A ground crew directs a Royal Australian Air Force AP-3C Orion upon its return to RAAF base Pearce from searching for the missing Malaysian Airlines flight MH370 @AFP

A ground crew directs a Royal Australian Air Force AP-3C Orion upon its return to RAAF base Pearce from searching for the missing Malaysian Airlines flight MH370 @AFP

PERTH, Mar 27 – Thunderstorms and gale-force winds threatened to impede a frantic international search Thursday for wreckage from Flight MH370 after satellite images of more than 100 floating objects sparked fresh hopes of a breakthrough.

Malaysia said the imagery taken in recent days by a French satellite showed “122 potential objects” in the remote southern Indian Ocean, although nothing has yet been pulled from the treacherous seas despite a multinational recovery operation.

Transport Minister Hishammuddin Hussein has cautioned that it was impossible to determine whether the objects were related to the Malaysia Airlines Boeing 777 which crashed on March 8 with 239 people aboard after mysteriously disappearing.

But the Australian Maritime Safety Authority (AMSA), which is coordinating the search some 2,500 kilometres (1,550 miles) southwest of Perth, said they were in an area authorities have pinpointed as a potential crash zone.

“Positions in the satellite information released by Malaysia Remote Sensing Agency were within Wednesday’s search area,” it said as a fleet of planes were set to leave for the area before the weather worsens.

Six military planes from Australia, China, Japan and the United States will fly sorties throughout the day, along with five civil aircraft, scouring two areas covering a cumulative 78,000 square kilometres in an increasingly frantic hunt for clues to exactly what happened.

MH370 deviated inexplicably off its intended course between Kuala Lumpur and Beijing, flying thousands of kilometres in the wrong direction before plunging into the sea.
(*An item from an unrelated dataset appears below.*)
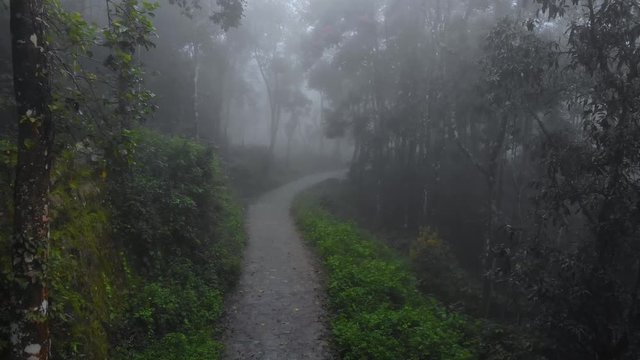 4k Aerial Low Angle Dolly Forward Shot of a Dark Eerie Rain Forest with trees covered in Fog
Malaysia believes the plane was deliberately diverted by someone on board.

Five ships are also in the search zone, including Australia’s HMAS Success and Chinese vessels Xue Long, Kunlunshan, Haikou and Qiandaohu.

But they are operating in a wild expanse of ocean described by Australian Prime Minister Tony Abbott as “about as close to nowhere as it’s possible to be” where gale-force winds and towering waves are routinely whipped up.

AMSA and Australia’s Bureau of Meteorology warned the weather was expected to deteriorate later Thursday.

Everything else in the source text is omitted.